Saturday 12 January 2013

ARP Protocol

Knowledge of hosts IP address is not sufficient for sending packets, because data link hardware does not understand internet address.
For example: in an Ethernet network the Ethernet controller card can send and receive using 48-bit Ethernet address, usually called MAC address. The 32-bit IP address are unknown to these cards. This require a mapping of the IP addresses to the corresponding Ethernet addresses. This mapping is accomplished by using a technique known as Address resolution protocol (ARP).
ARP map network layer address into link layer address. ARP was defined by RFC 826 in 1982.

Mapping Logical Address to Physical Address

To deliver a packet to a host or a router requires two addresses logical and physical. We need to be able to map a logical address to its corresponding physical address and vice versa. There exist two methods for address mapping that is either static mapping or dynamic mapping. In static mapping, every system in the network consist a table with all logical IP addresses and their corresponding physical addresses. Each machine that know the IP address of another machine can look to the table for get physical address. This method has some limitations because physical addresses may change by several reasons for example changing of NIC (Network Interface Card).
Dynamic mapping is used to overcome these difficulties.  

In dynamic mapping,

The host or the router sends an ARP query packet. The packet includes the physical and IP addresses of the sender and the IP address of the receiver. The query is broadcast over the network. Every host or router on the network receives and processes the ARP query packet, but only the intended receiver identify its IP address and sends back an ARP response packet which contains the receiver’s physical addresses. The packet is unicast directly to the inquirer by using the physical address and IP address received in the query packet. An ARP request is broadcast  and an ARP reply is unicast.

ARP packet
ARP packet
The steps in the ARP address mapping are,
1.    The sender has the IP address of receiver. In order to get the receiver’s physical address IP requests ARP to create an ARP request packet.
2.     Sender broadcast the ARP request packet.
  1. All machines process the packet and drop the packet except the intended receiver.
  2. Targeted receiver creates an ARP reply packet and sends back to sender.
  3. The sender receives the reply packet, now the sender can have both physical address and logical address of target.
  4. The sender starts transmission of data grams to the target.

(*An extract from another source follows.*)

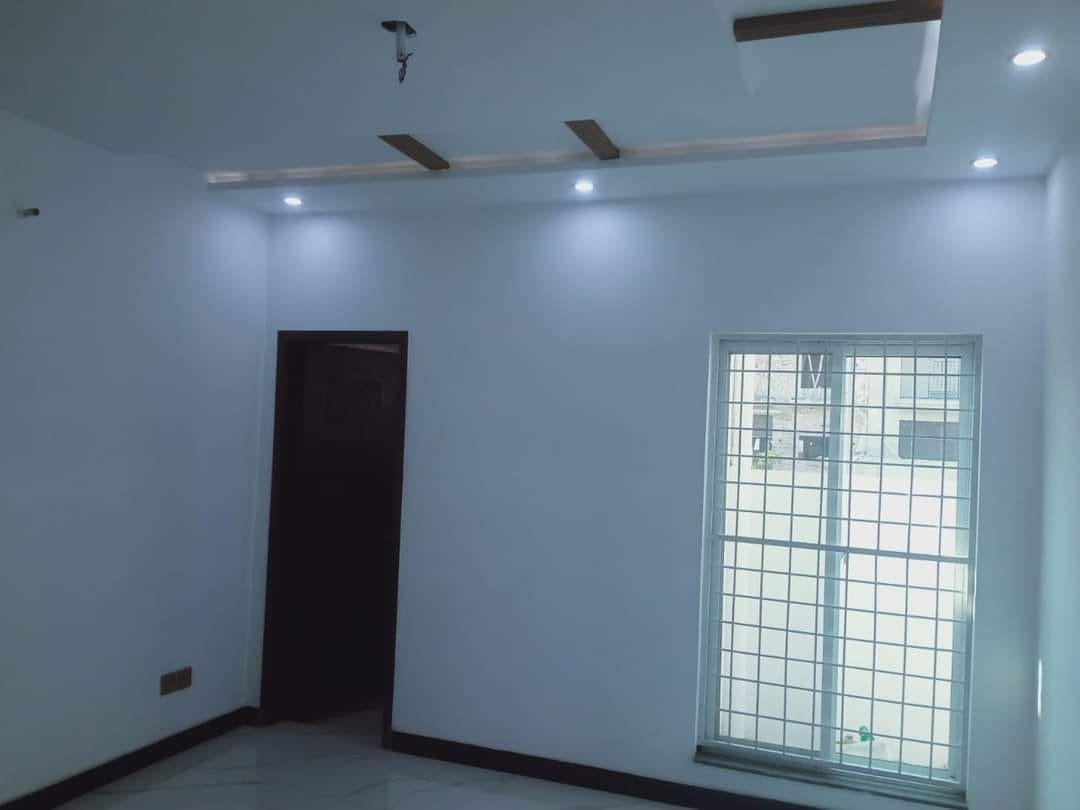 5 Marla Modern Design Brand New House Available For Sale  Central Park Housing Scheme Main Feroz pur Road Lahore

Reverse Address Resolution Protocol RARP

Reverse Address Resolution Protocol (RARP) finds the logical address for a machine from physical address. That is find network layer address using data link address

A diskless machine is usually booted from ROM, diskless work stations use RARP to get IP address for further processing. BOOTP  and DHCP are examples for using RARP. The Bootstrap Protocol (BOOTP) is a client/server protocol to provide physical address to logical address mapping. The Dynamic Host Configuration Protocol (DHCP) designed to provide static and dynamic addresses to clients.